Looking at pictures behind glass, it's impossible not to see yourself reflected in them, both literally and metaphorically. The pictures shift and change depending on where you stand, your silhouette strangely making visible what lies there. You have to focus, concentrate, lest your eyes stare at the reflection and not the image beneath the glass.

These Eggleston photos again make me wonder about the stories behind them. Why are those two men standing together? What is the boy in the chair thinking? What happens beyond the doors of that unnamed building? Why is that man standing naked in a room graffitied with God? The critics hailed these photos as boring. But aren't all photos that way when you have no connection to the story behind/beneath them? Even the mighty Adams could be dismissed as someone else's artsy vacation photos.

divolas: These images move me more than the abstract Kasten's next to them. The collision of the decaying beach house with the eternal beauty of the ocean and sky behind it. The garish colors of delapidation make the softer colors of the sunset more poignant somehow. Or maybe that's me writing my story into what I see. Not that there's anything wrong with that. In fact, I'd say it was expected.

The scripture today is John 9, the story of the man born blind. Yet another scripture where people are looking to blame and Jesus focuses on something greater. I wonder how the blind man made it to the pool of Siloam to wash. Did someone take him? Did he know the way to go? And what must it have been like, to see for the first time. Like being reborn where everything you've known is changed. I've heard stories of those who received their sight being overwhelmed by all they were now able to see. Sometimes this world is overwhelming to those who are used to seeing. I can't imagine it all being new. And then to have those around you doubting your identity and peppering you with questions. I think I would have run off and locked myself in my room for a while, until I could deal with this new world around me.

Perhaps that's why I like photographs so much - they take that which I've gotten used to and make it new. Almost like seeing for the first time.

Looking at all these pictures from the 70s, I wonder if our current time will have such a strong aesthetic. You can tell the time period simply from the photos - the design of the cars and building, the colors they used. Time and objects now seem so generic. Given a photo of 1995 and 2010, could anyone 30 years from now tell the difference? Or perhaps there is an aesthetic, only I'm too close to it now to see it. Perhaps I have to wait 30 years to see what this particular time period will be remembered for. Perhaps only then will I be able to appreciate what is all around me right now.

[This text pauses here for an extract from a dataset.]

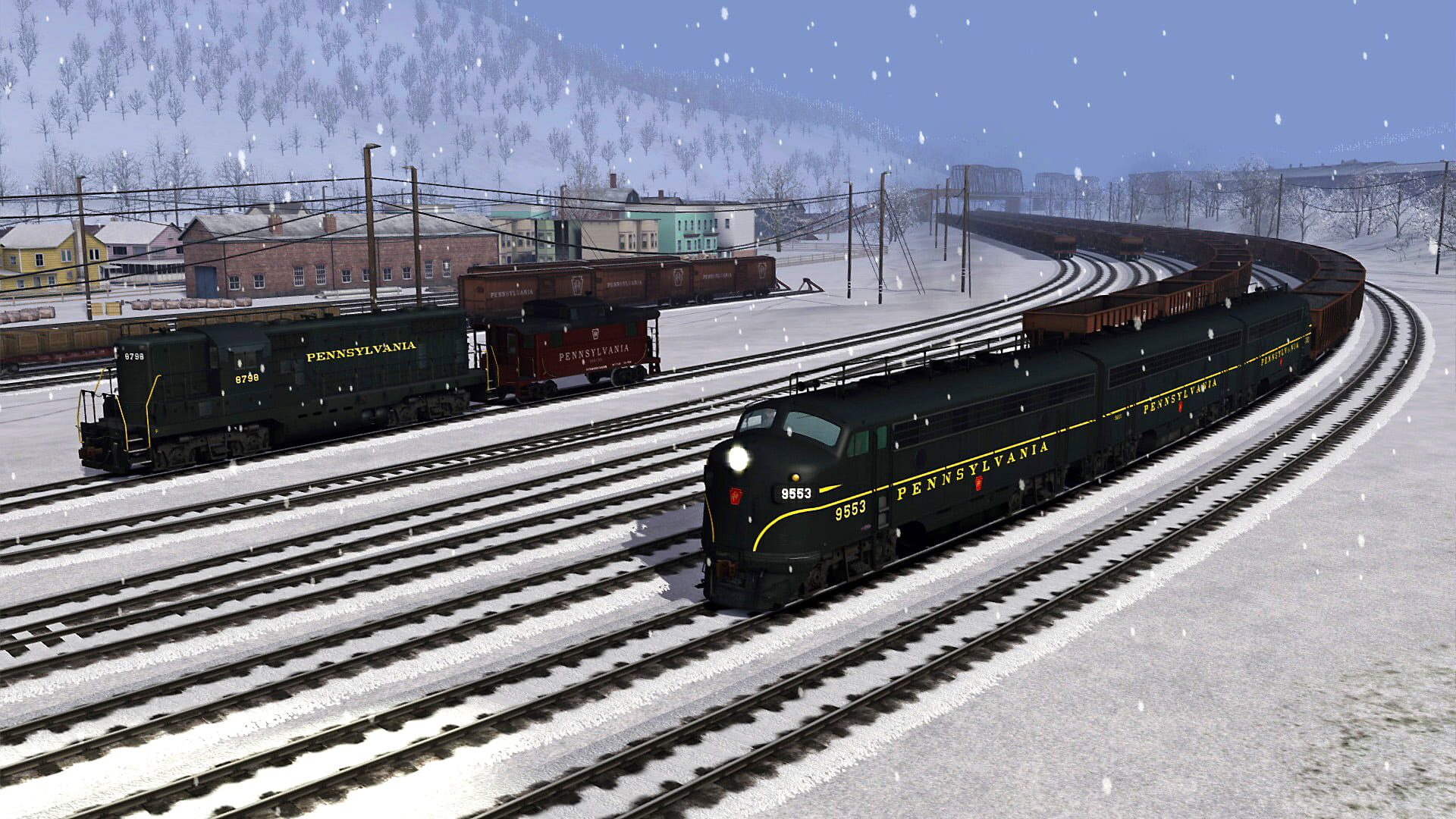 TS Marketplace: Horseshoe Curve Scenario Pack 01 Add-On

It was only Rob and I today, so plenty of time to sit and talk. We discussed the possibility of him and Lilly leaving and moving to CA. I'm excited for him and the opportunity to follow his passion, but am saddened too at the thought of them leaving. Guess that's true any time someone you care about moves away. And it could all happen relatively quickly - if Rob gets accepted, he'll need to be in CA by June. It does certainly seem that God has little by little been freeing them from their ties here in Cincinnati, so I guess I wouldn't be surprised to see them go. We talked about getting those involved in Thinplace together and talking about the eventuality which would be good. I know ArtWalk will continue as it's now become a vital part of my life. As for our journaling time, my guess is it will go on, though perhaps in an altered form. I'm trying not to get ahead of myself, but also don't want to get caught off guard.

Bleah. Just realized it's an hour later than it actually is due to that jerk Ben Franklin. At least now it happens away from my birthday. I'm going to miss actually driving to work while the sun was rising. Back to the darkness for my morning drive.

Went and saw Copout tonight. Was pretty much what I expected, which was not much. Willis definitely phoned his part in. And I still don't understand the appeal of Morgan, though he did have some funny bits. Not nearly as bad as Jersey Girl, but definitely not a fave of mine. I figure Smith simply wanted to work with Willis and took this project to do it. His life, he can do what he wants. But I felt it was mediocre at best.

Went to see the movie at the Regal in Mason and therefore ran into several students, both at the movies and Red Robin. All I could think as I talked to them was the line from Mean Girls: "Oh, I love seeing teachers outside of school. It's like seeing a dog walk on its hind legs." I wonder if that's what they're thinking, too.

OK. I guess I should start to wind down. Another choreography rehearsal tomorrow. I definitely need to be well rested for it. At least I know what I'll be wearing this time. Until tomorrow.